Recruiting and Training Delegated Administrators

Recruiting DRAOs

Central administrative team

Who administers the program?

The InCommon Certificate service is managed by UC Berkeley's CalNet team, which oversees Identity and Access Management services for our campus. The five members of the CalNet team have all been granted RAO level permissions (see Chain of Trust section). For any given week, the "on-call" staff person processes certificate requests.

How do customers submit requests?

The CalNet team uses a published mailing list, calnet-pki@lists.berkeley.edu, to accept and process certificate requests.

Instructions to customers making certificate requests are included in our published InCommon Certificate FAQ.

How are requests reviewed/validated as legitimate?

UC Berkeley already had a pre-established program for registering a Security Contact for all campus hosts. As part of implementing the InCommon Certificate program, CalNet team members were given access to the Security Contact Application so that RAO's could look up the Security Contact for any given host. The CalNet RAO forwards the certificate request to the registered Security Contact. Once approved, the CalNet team member uses the InCommon CSM application to enter and review the CSR and approve the certificate.

Central vs. delegated administration

We anticipate some campus customers will continue to send certificate requests directly to the CalNet team, but our hope is that the vast majority of requests can be handled by local, departmental certificate administrators (DRAOs). Please see sections below on our approach to recruiting and training those administrators.

Initial recruitment of delegated administrators

Central IT Staff

The CalNet team began by requesting that the Deputy CIO approve DRAO status for a handful of central IST staff. These staff manage hosts on behalf of other campus departments and for campus-wide services. They were granted permission to approve certificates at the top level .berkeley.edu domain.

Departmental IT Staff

The CalNet team then identified the highest level IT staff in large campus departments like the business school, law school, EECS, etc, asking that they appoint delegated certificate administrators for their departments. We also asked approved departmental administrators to provide us the subdomains/hosts to enroll for that department. See sample letters, here.

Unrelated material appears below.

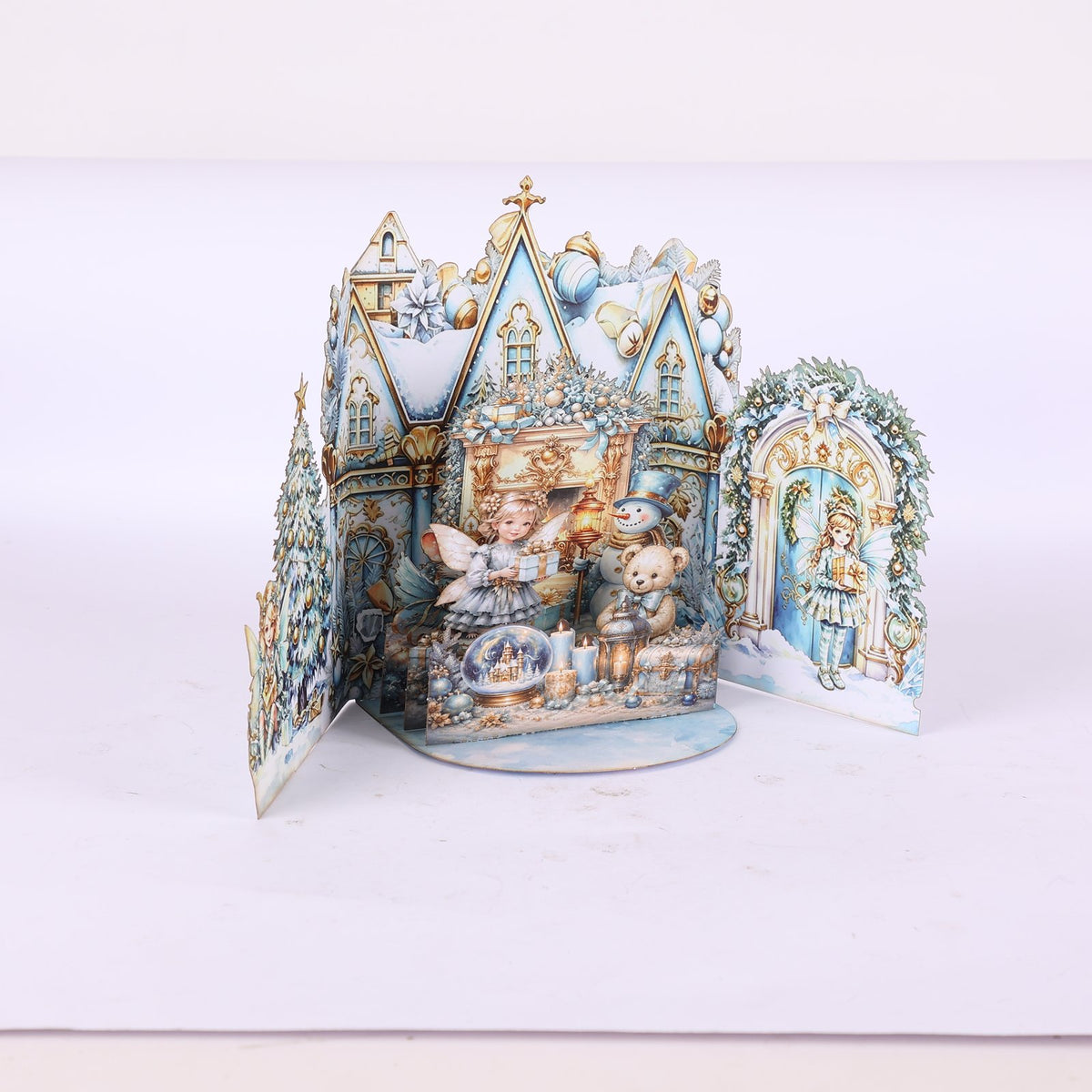 Blue Christmas Double Door Pop Up Card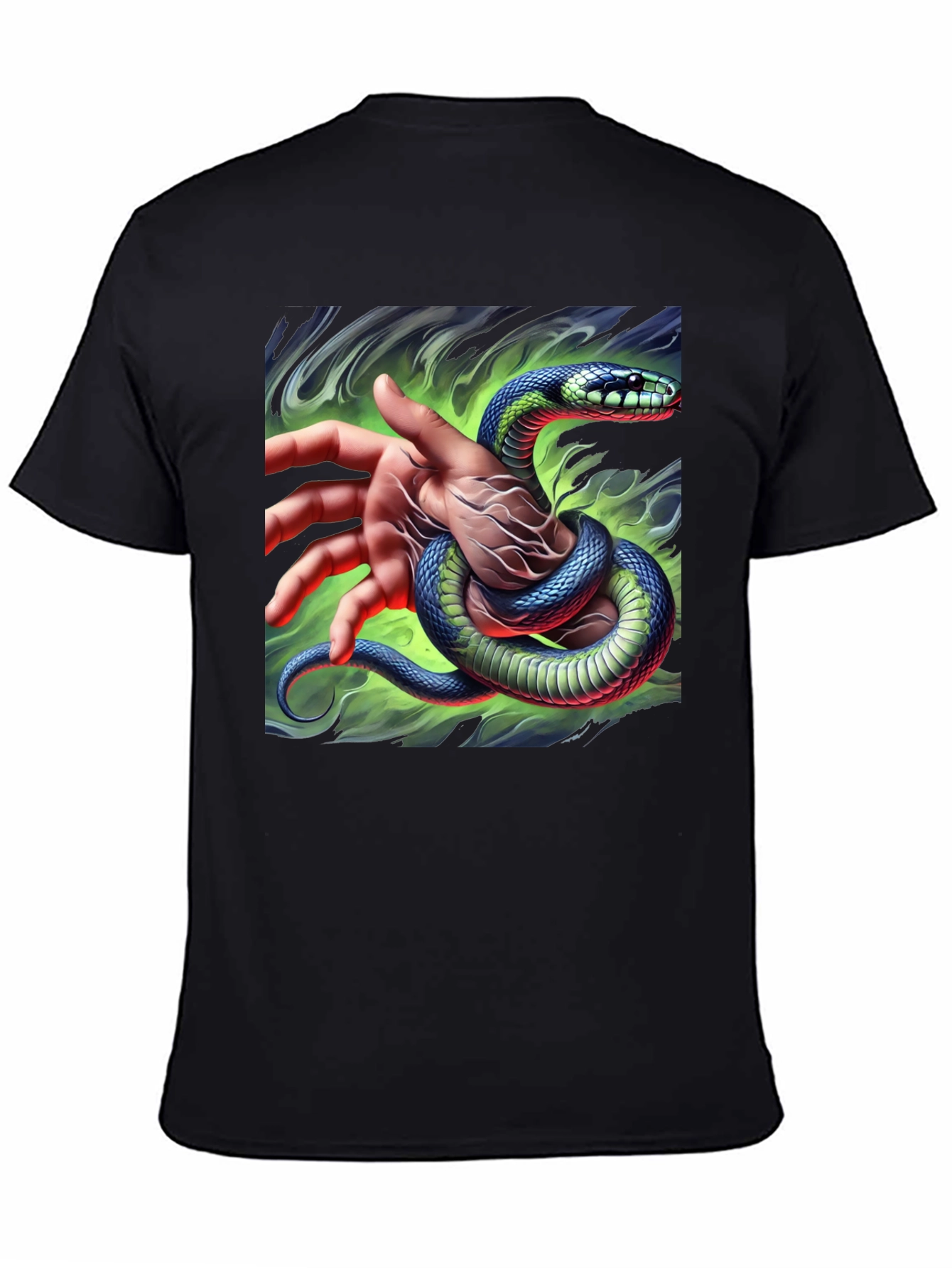 Mystic Snake Graphic Tee - Black Cotton T-Shirt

We maintain the list of approved departmental administrators in our internal wiki, noting the department name, managerial sponsor, and date the administrator was approved. Our default is to grant DRAO status for 3 years, which is the default certificate length we grant as well.

We will review the list of DRAOs at least annually to remove accounts for employees who have left the university.

Adding DRAOs to the InCommon CSM

Once management has appointed or approved a DRAO, we contact the administrator to request enrollment information. See our sample enrollment letter and screenshots for adding DRAOs to the InCommon CSM.

Ad hoc recruitment of delegated administrators

While we hope to catch as many departments as possible in our initial efforts to recruit departmental administrators, we know we will miss some. When requests come to our central service mailing lists, calnet-pki@lists.berkeley.edu, our response includes a paragraph requesting contact information for a high level manager in that department who could authorize departmental administrators. We check that person's standing via the campus directory and then send the manager our letter to authorize departmental administrators.

Training DRAOs

At UC Berkeley, we require all DRAOs to participate in an in-person training before we approve their DRAO status. Below is an outline of the training and some related documentation. Below is our training outline:

Your responsibility as a DCA

• Only approving certificates legitimately associated with the department(s) for which you are authorized
• Consulting with the CalNet team before issuing wildcard certificates because of the potential security risks
• Maintaining an audit trail for certificate requests, approvals, and renewals. This could be via using an e-mail archive, a ticketing system, or other records of transactions.

Some tips for generating CSRs

• For hosts that may have domain components that start with a number, for example, host.1918.berkeley.edu, the Java keytool may complain when generating keypairs. Use OpenSSL-based techniques instead.
• UCC/SAN certs: use the gencert script (modified for your environment) to simplify the use of OpenSSL.

Using the InCommon CSM tool

• See Delegation Screen Shots
• Detailed information on the tools can be found at the InCommon Certificate Service Support Site.
• We suggest using a common institutional address for all departments delegated so that any certificate bearing the institutional name will have the same Subject address information.
• We have not used some of the more advanced features extensively (custom notifications, self-enrollment, etc.) to keep the initial roll-out simpler and faster until we can judge the need for some of the extra features.

Some questions we have received:

• What about EV certificates? This may become possible in the future via the admin tool.
• What to put in the External requester field? This depends on whether you want the person listed receiving the notices generated at the various stages of certificate provisioning.
• What about wildcard certs? Now that we can generate certs on demand, and use UCC/SAN certs, there may be less need to use wildcard certs. But with UCC/SAN certs you would have to reissue every time you add a new host. For customers with a handful of certs, UCC/SAN might be the best approach. For services with multiple services on many clustered hosts, wildcard might work best, though there is more risk that way if the private key is compromised.
• Is there any automated way to issue multiple certs? An API will be needed for this.